Productive polymaths
In 2008 a team of researchers from Northwestern University tested the idea that academic high flyers were also polymaths with multiple hobbies and areas of expertise outside work.
They wanted to understand whether their hobbies in any way contributed to their scientific prowess.
To do this, the team embarked on a pretty major task. They analyzed the down-time activities of every scientist who won a Nobel prize between 1901 (the year it all started) and 2005.
They also examined the hobbies of scientists belonging to The Royal Society and The US National Academy of Sciences – the most prestigious scientific communities in the western world.
They then compared the interests of these scientists against those of less prestigious ones – and the US population in general – and found some major differences.
>> Read more: Persistence pays because the best is always yet to come – according to research
Prestigiously creative
Their research* discovered that whilst less decorated scientists do have hobbies, they’re not interested in very much besides, well… science.
They like playing a bit of music and some are into photography – but that’s about it.
Now come on, these guys are serious scientists. They’re far too busy saving the world to find time for performance poetry.
Too true, but what’s weird is that the more prestigious scientists – and so the people you’d think would have even less time – tended to have a wider range of creative side projects.
What’s even weirder is that the researchers found that the most prestigious scientists in the world – the Nobel prize laureates – had by far the widest and deepest creative interests of all.
These Nobel winners were nearly three times as likely to have a creative hobby than more general scientists.

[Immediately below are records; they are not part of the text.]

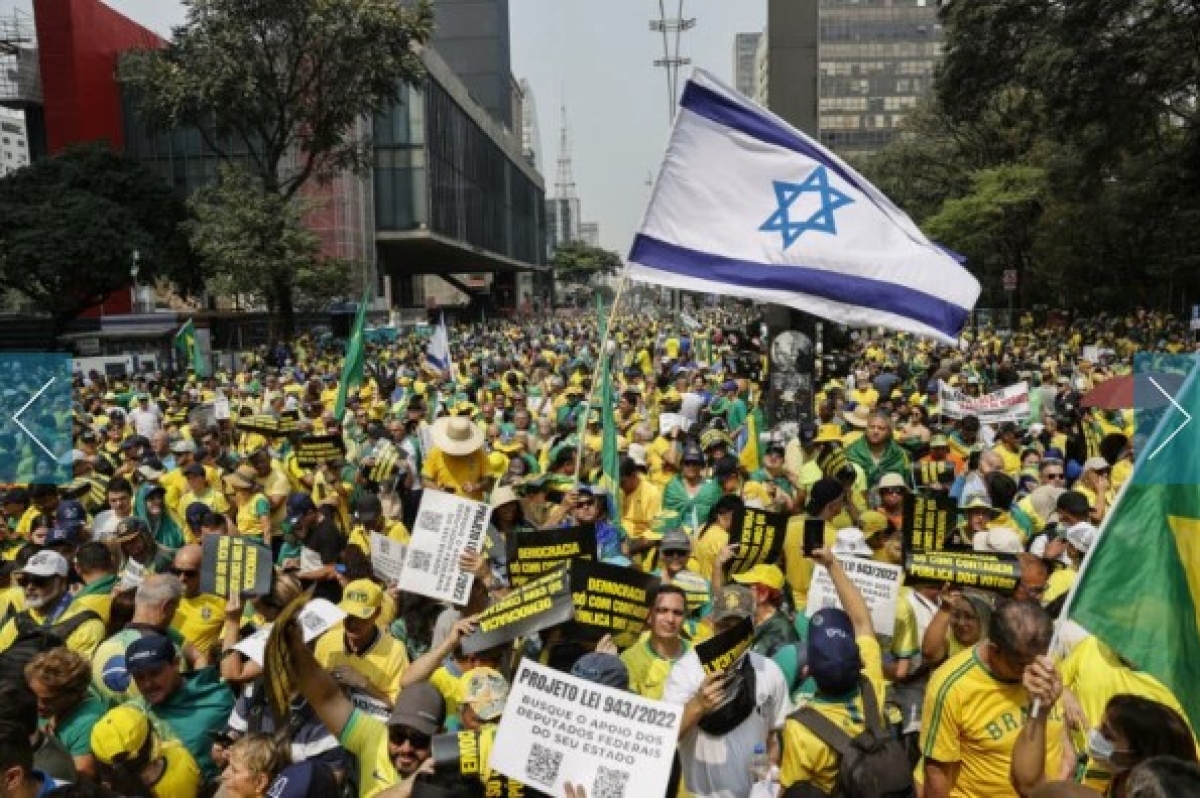 Manifestação na Avenida Paulista - Foto: EFE/Sebastião Moreira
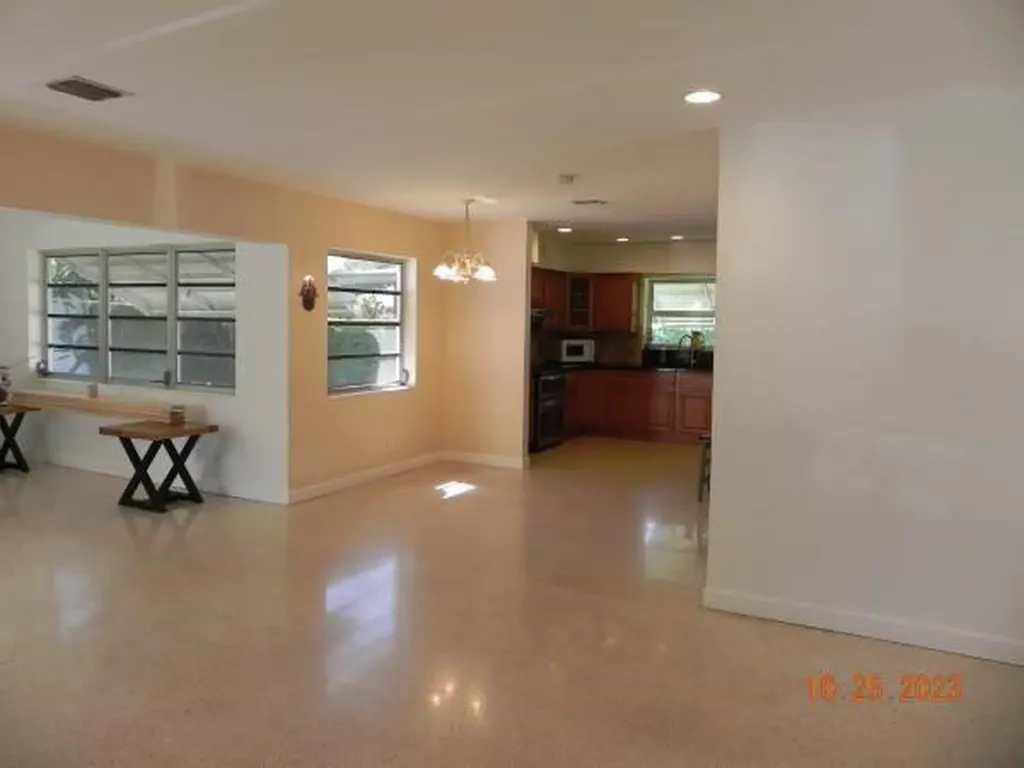 819 N Highland Drive Hollywood FL 33021
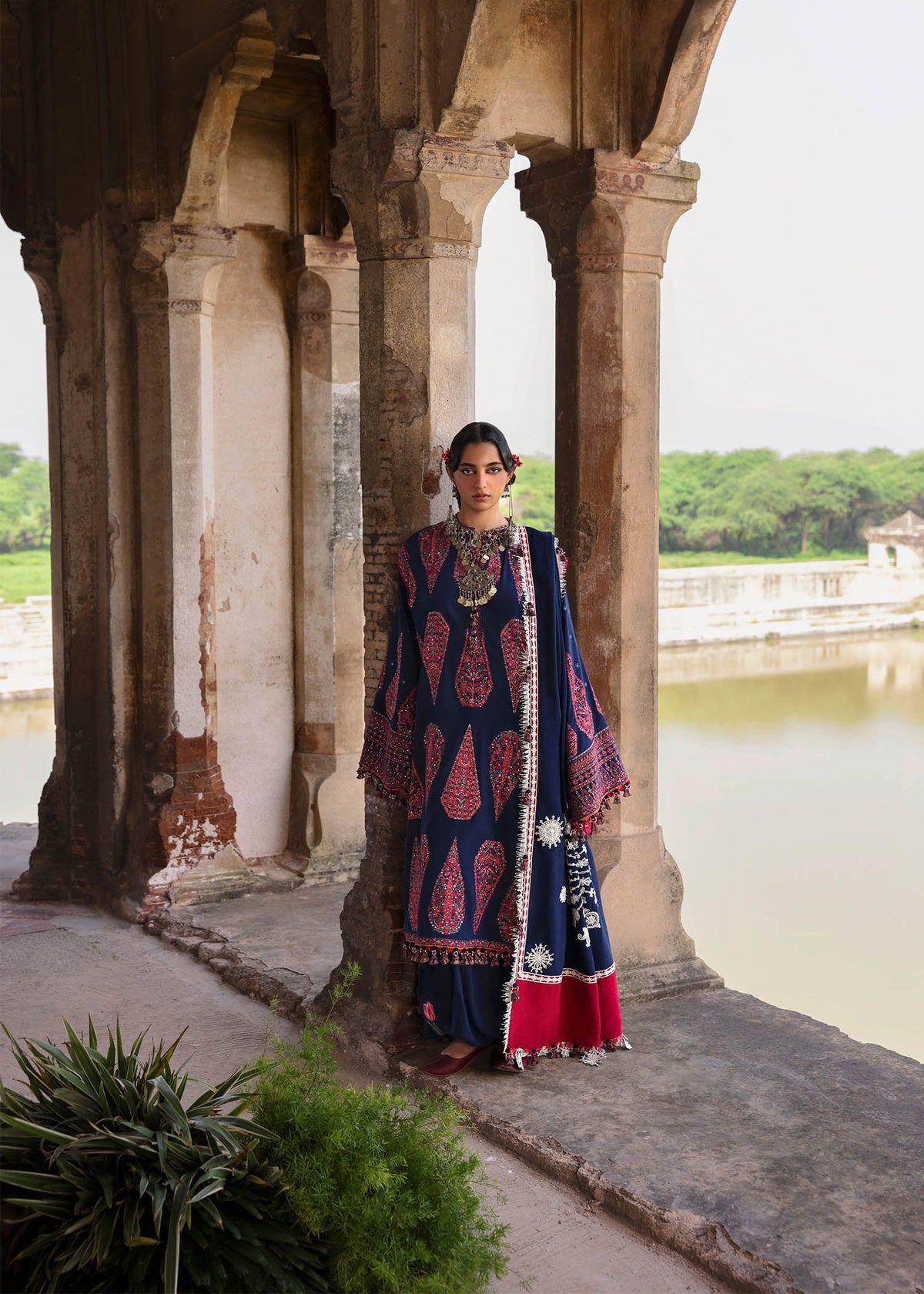 Hussain Rehar Karandi 2025 LEBAASONLINE Available on our website. We have exclusive variety of PAKISTANI DRESSES ONLINE. This wedding season get your unstitched or customized dresses from our PAKISTANI BOUTIQUE ONLINE. PAKISTANI DRESSES IN UK, USA,  Lebaasonline at SALE price!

Broken down further, Nobel laureates were:
- 22 x more likely than typical scientists to perform, sing or act in their spare time.
- 12 x more likely to write creatively, whether that be fiction, plays, poetry or short stories.

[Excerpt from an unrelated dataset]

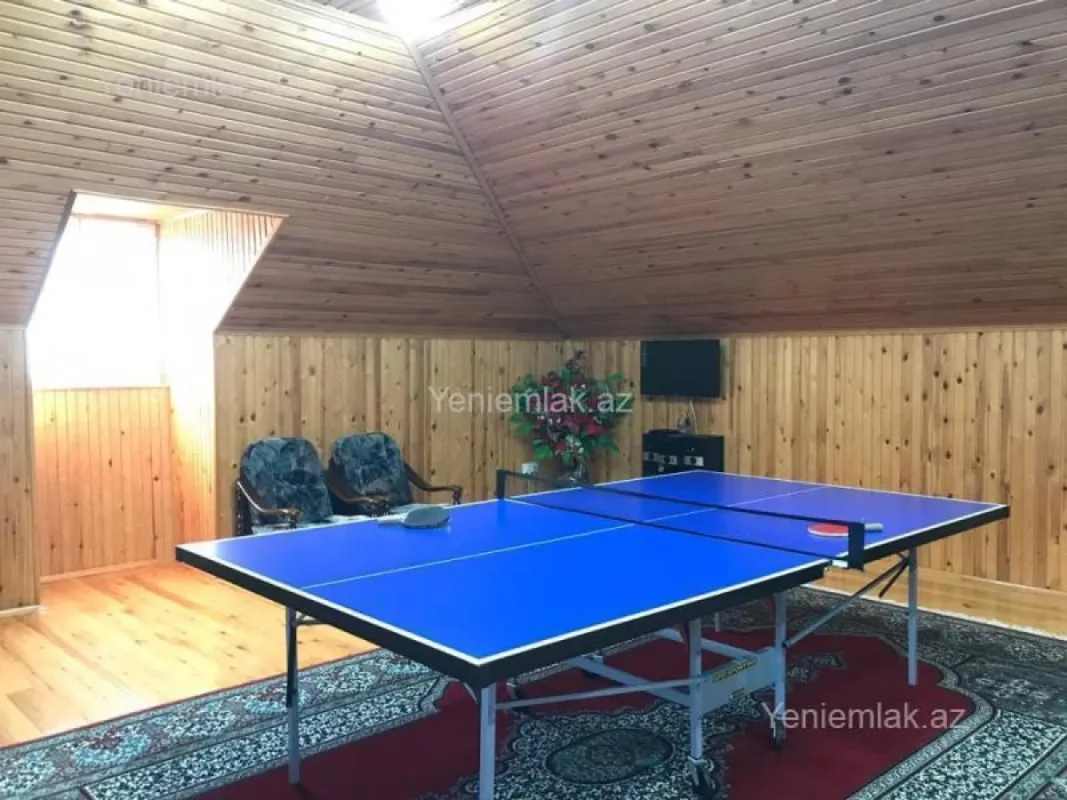 Satılır 5 otaqlı həyət evi 300 m²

- 7.5 x more likely to love crafting, wood-turning, mechanics, glassblowing – working with their hands in some way and,
- 7 x more likely to enjoy designing, painting, drawing and sculpting.
“The theory of relativity occurred to me by intuition, and music is the driving force behind this intuition.” – Albert Einstein
Instrumental hobbies
Now, everyone needs a hobby so it’s only fair that Nobel laureates get a bit of well deserved R&R at the end of hard day’s atom splitting – you might think.

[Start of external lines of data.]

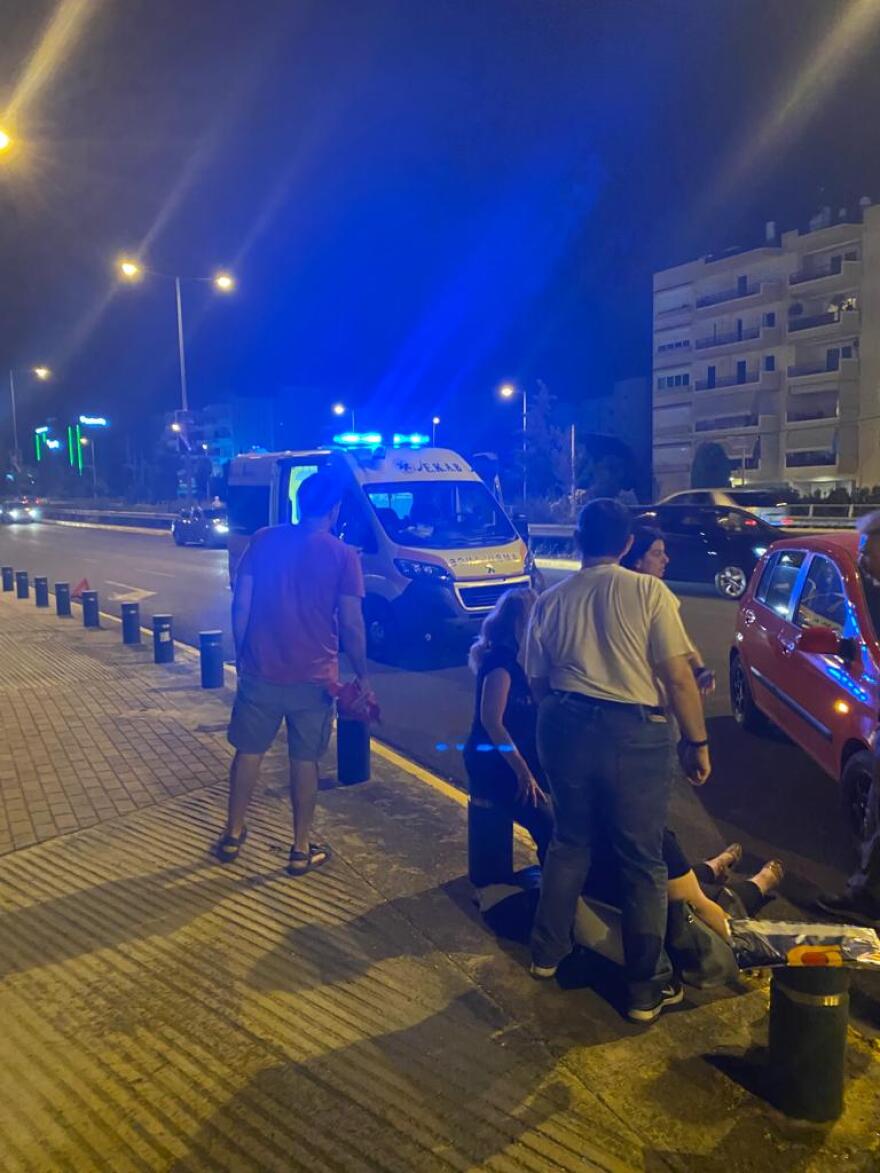 Ολυμπιακό Στάδιο: Διασώστες του ΕΚΑΒ βοήθησαν τραυματίες από ατύχημα ενώ είχαν σχολάσει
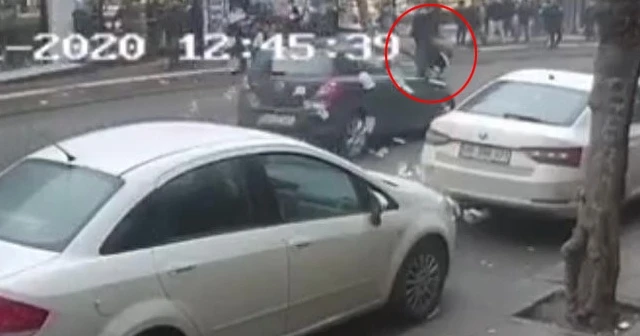 Trafik cezası yediği sırada araba çarptı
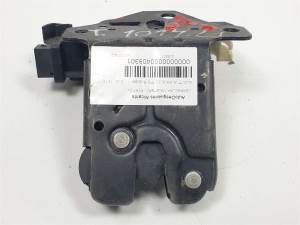 CERRADURA MALETERO / PORTON 8P4827505D AUDI TT (8J3/8J9) Autodesguaces Alicante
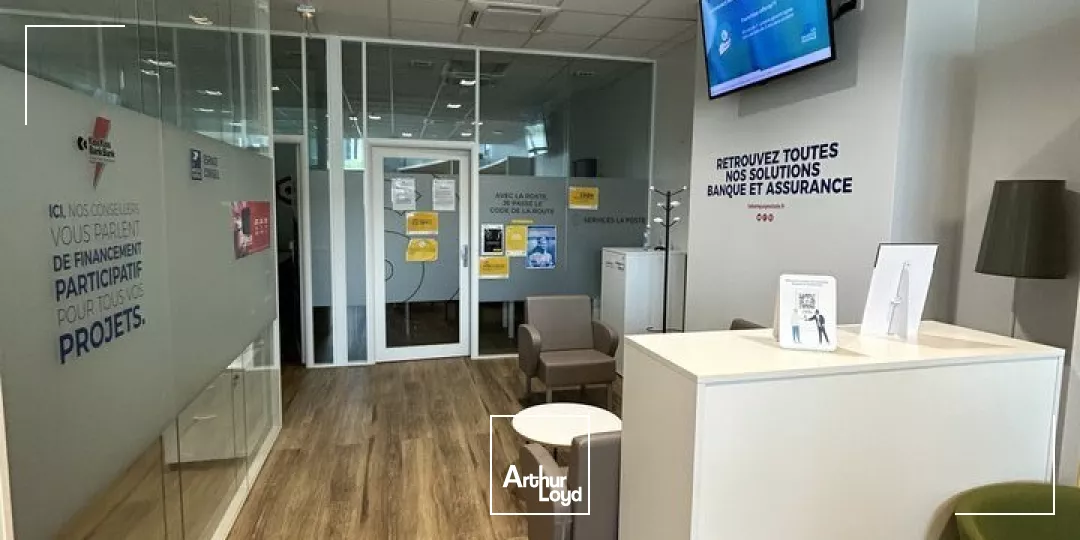 LOCAL COMMERCIAL à LOUER de 279 m²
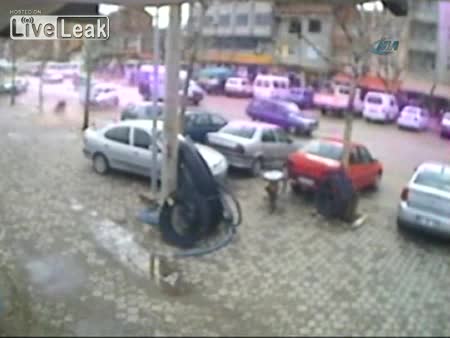 Ужас Автомобил Блъска Пешеходци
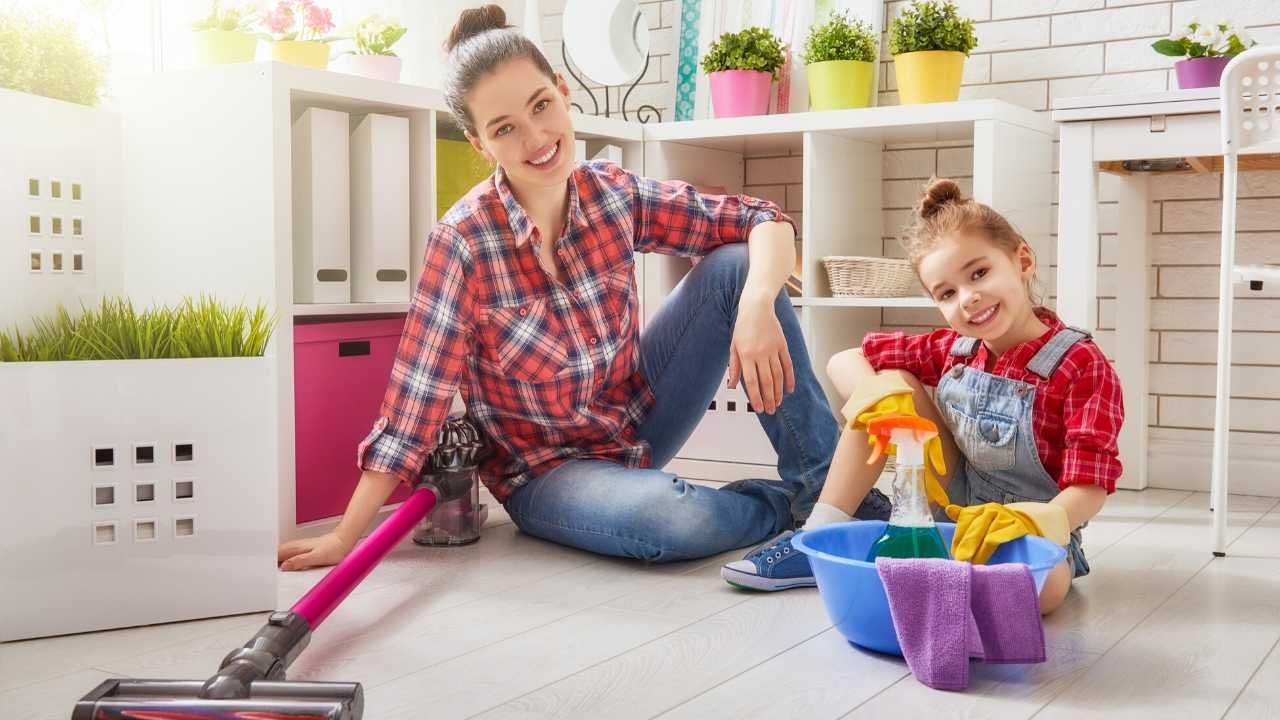 How to Clean Window Screens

But this would significantly de-value the importance these scientists placed on their creative side projects.
“Hobbies were barely distinguishable from his scientific research,” wrote the biographer of Nobel prize winning chemist, William Dalby.
To scientists like Dalby and many others, their hobbies weren’t peripheral to their lives, they were instrumental to them as human beings trying to explain, understand and clarify the world.
Their creative hobbies weren’t distractions from their research or comfort blankets to help them wind down, their hobbies intensified their attention on their work and gave them a new clarity and sense of purpose.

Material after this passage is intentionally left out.